Illustration by Energy Justice Network – www.energyjustice.net/zerowaste

I do see some improvement over the past decade, especially the US Conference of Mayors getting involved, but clearly, we need more effort from everyone’s part.  Feel free to google Extended Producer Responsibility (EPR).  The short version of EPR is Maine’s attempt to mandate cigarette manufacturers to contribute to a fund for municipalities to use to educate the public about cigarette butt litter and to fund cleaning up initiatives and processes to both divert and clean them from the landscape.  Of course cigarette manufacturers will raise their prices, and the cost will be borne by the smokers.  Is that fair?  Think about how long non-smokers have subsidized all problems caused by smoking.

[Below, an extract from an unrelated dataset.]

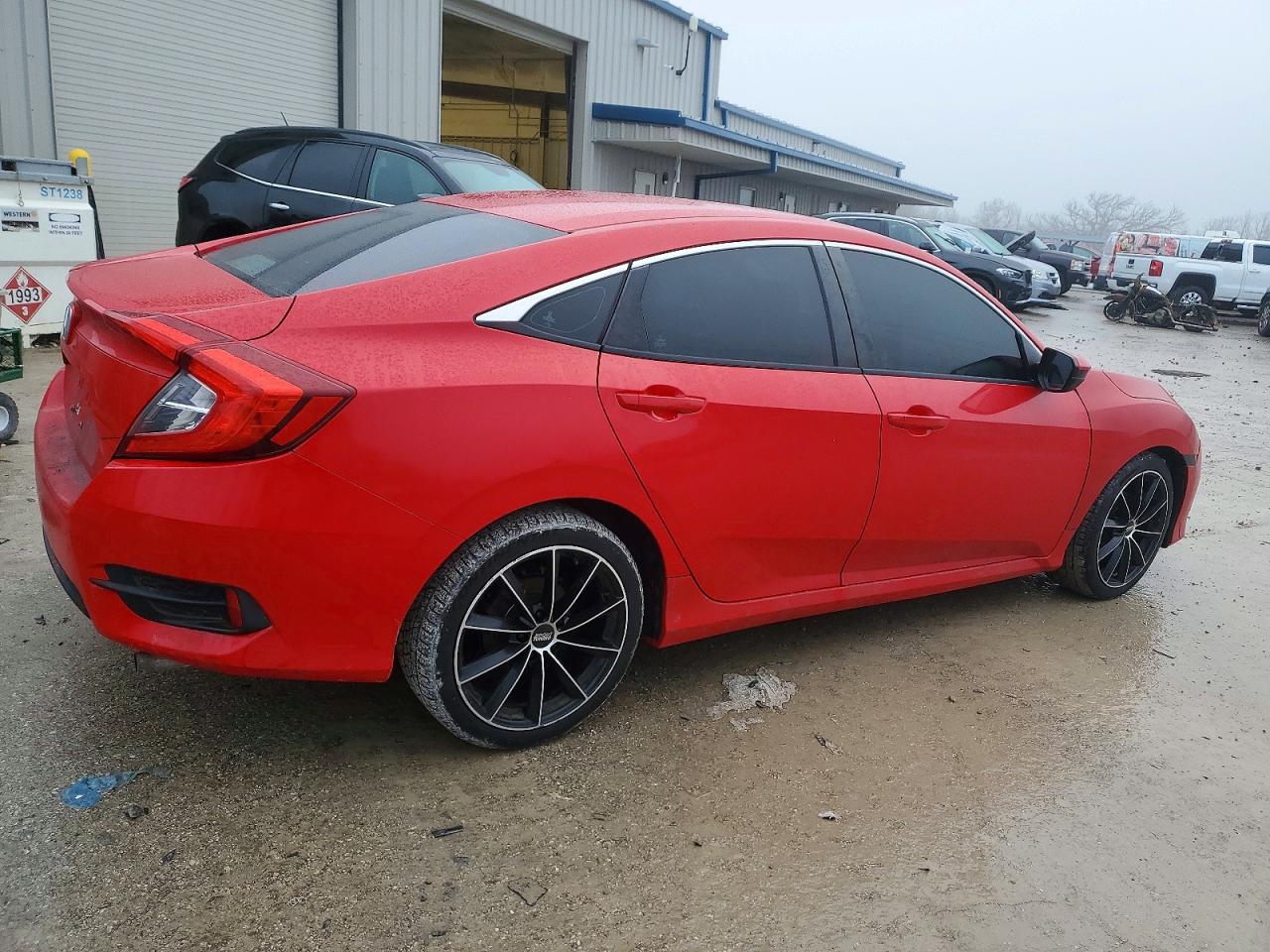 2016 HONDA CIVIC LX photo 3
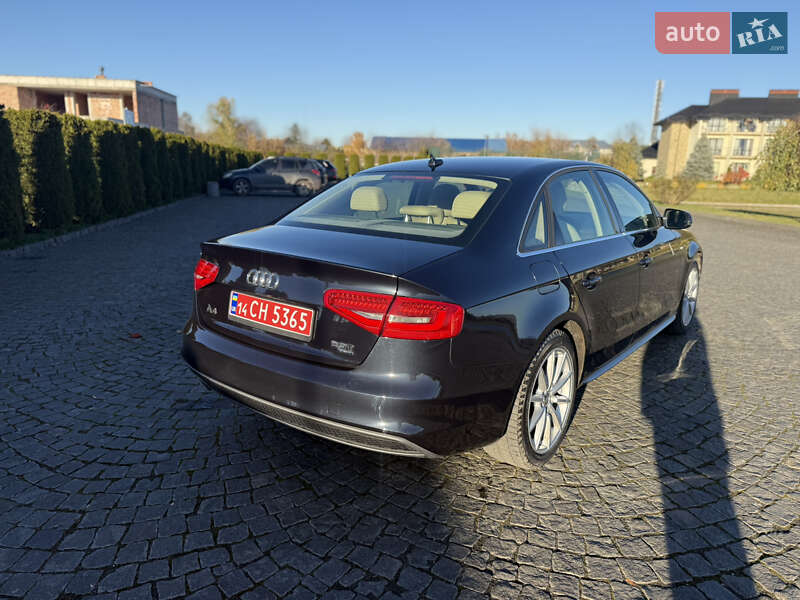 Седан Audi A4 2015 в Жовкве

Recycling is regulated better in other countries, and of course, worse in others.  We could use better regulation as a good first step.  Maybe a better first step is to communicate with the manufacturers to up their game.  We could vote with our wallet and not buy egregious products that waste too much (gee, that’s easy to say – what products waste too much?).  The bottom line is: “If you see something, say something”.  Get active, criticize bad actors, tell them what you would like to see.  The plastics industry is paying attention right now.  When this meme hit Facebook, things started to bubble up: “In 2050 there will be more plastic than fish in the oceans”.  As usual, Einstein’s definition of insanity keeps staring us in the face: “Insanity is doing the same thing over and over and expecting different results”.  Let’s make something different happen.  Zero wasters already are.